Tell OpenAI: Give ALL Business-Tier Users Control of Their Data!


Tell OpenAI: Give ALL Business-Tier Users Control of Their Data!
The Issue
To: OpenAI Leadership, The U.S Federal Trade Commission, and Members of the US Congress
A premium subscription to retain Intellectual Property privileges shouldn't mean less access to data for businesses and business owners.
The Promise vs. The Reality
Businesses that choose to adopt Large Language Models (LLMs), like ChatGPT, as part of their workflow may find themselves worried about protecting their Intellectual Property, retaining rights to their data, and preventing it from being used to train other models.
In exchange for a Business-tier subscription fee, OpenAI promises that, "By default, we do not use business data from ChatGPT Enterprise, ChatGPT Edu, ChatGPT Team, or our API platform—including inputs or outputs—for training or improving our models." But there is a hidden cost to opting out of having this data excluded from the training dataset and a subtext that reads: "If we can't use your data, neither can you."
As a result, Team users, and even their account administrators, are unable to export their data, while free-tier users, whose data is used to train ChatGPT, can access their data easily.
Those who are members of ChatGPT Enterprise plans have to go through a few more steps, but they do actually have access to their data.
ChatGPT's Solutions
At some point, ChatGPT lost its export functionality in individual chat sessions.
Now, the only solution is for the humans, who are using AI to streamline workflows, to manually copy and paste every single chat session into a document.
Let's Recap
- ChatGPT's free tier users can export their data with one click.
- Business-tier users on the "Team" plan cannot export their data.
- Despite OpenAI's claim that "You can obtain a copy of your data and exercise other privacy rights through visiting our Privacy Portal," ChatGPT's paid Team users cannot retrieve or export their data, even when they reach out to OpenAI's team with a request.
- In Europe, this is a violation of the General Data Protection Regulation (GDPR).
- OpenAI recently released "Agent Mode" for business-tier users.
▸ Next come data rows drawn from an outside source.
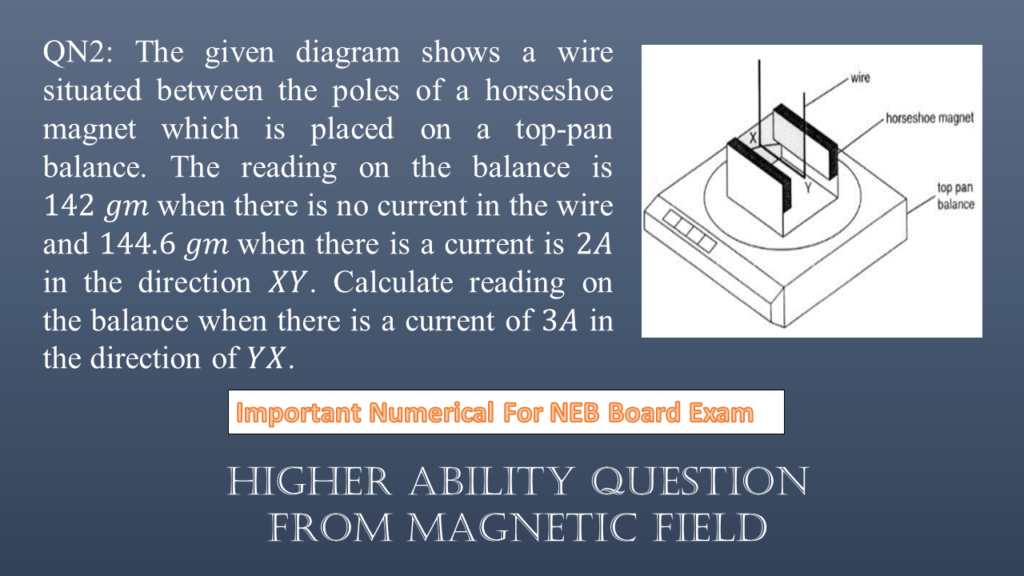 Electricity and Higher Ability Questions Simplified Note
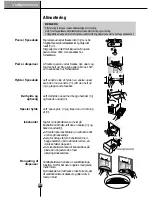 Preview for 105 page of LG SXS Refrigerator User Manual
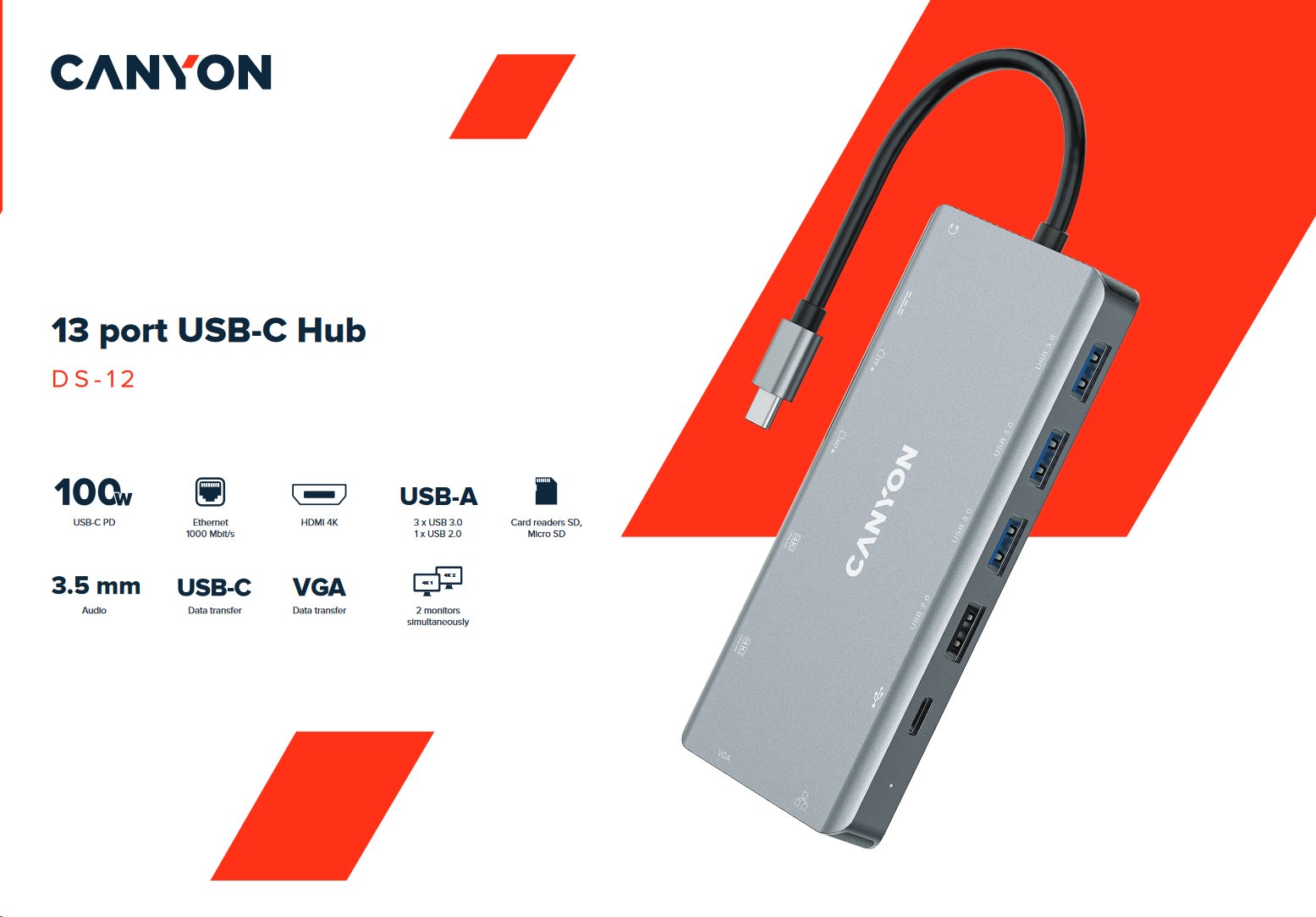 Replikátor portov CANYON DS-12 13v1, PD 100W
While it has many use cases, exporting ChatGPT sessions that occur on its own platform isn't one of them.
So What?
More than a "bug" or oversight, especially given OpenAI's recent release of Agent Mode, a lack of data portability for one specific tier of ChatGPT is a deliberate business strategy that punishes customers who invested two of their most important resources, time and money, into learning how to use ChatGPT, training staff, and designing workflows. Without the ability to export data, business owners will have to spend even more time and money to leave the subscription, or they will be caught in a "vendor lock-in" with no end in sight.
What Business Owners Are Losing
For small business owners adapting to a new post-pandemic era in 2025—where ‘AI’ is not just an unavoidable buzzword but a central component of a new way of doing business, learning, creating, and analyzing data—this is more than just accessing ‘chat history.’
For thousands of business users, educators, researchers, and creators, sessions with ChatGPT represent
→ Months of research and refined academic work
→ Complex code that underwent weeks of debugging
→ Business plans and investor pitches developed over hundreds of sessions
→ The foundation of novels, scripts, and creative projects
→ Proprietary data and competitive intelligence
When OpenAI prevents users from exporting this data, they're not just inconveniencing them—they're withholding Intellectual Property and refusing to give access to those to whom it belongs.
The Cost of Being Locked In
Business users who cannot export their data face switching costs, representing hundreds of hours of professional time needed to recreate months of work.
This isn't just inconvenient, it's anticompetitive. It favors loyalty to an AI company over the portability of one's data. It imposes artificial switching costs. And it delays the very AI transformation businesses are being told to embrace.
The AI Irony That Reveals Everything
On April 10, 2025, Sam Altman, CEO of OpenAI, tweeted:
"we [sic] have greatly improved memory in chatgpt [sic]--it can now reference all your past conversations!
this [sic] is a surprisingly great feature imo, and it points at something we are excited about: ai [sic] systems that get to know you over your life, and become extremely useful and personalized."
That means that now, more than ever, OpenAI's systems have the data needed to provide you with, as Altman states in his subsequent Tweet, an "extremely useful" and "personalized experience over [the course of] your life," and presumably, the life of your business. The system remembers what we said, learns from our patterns, and builds on our ideas.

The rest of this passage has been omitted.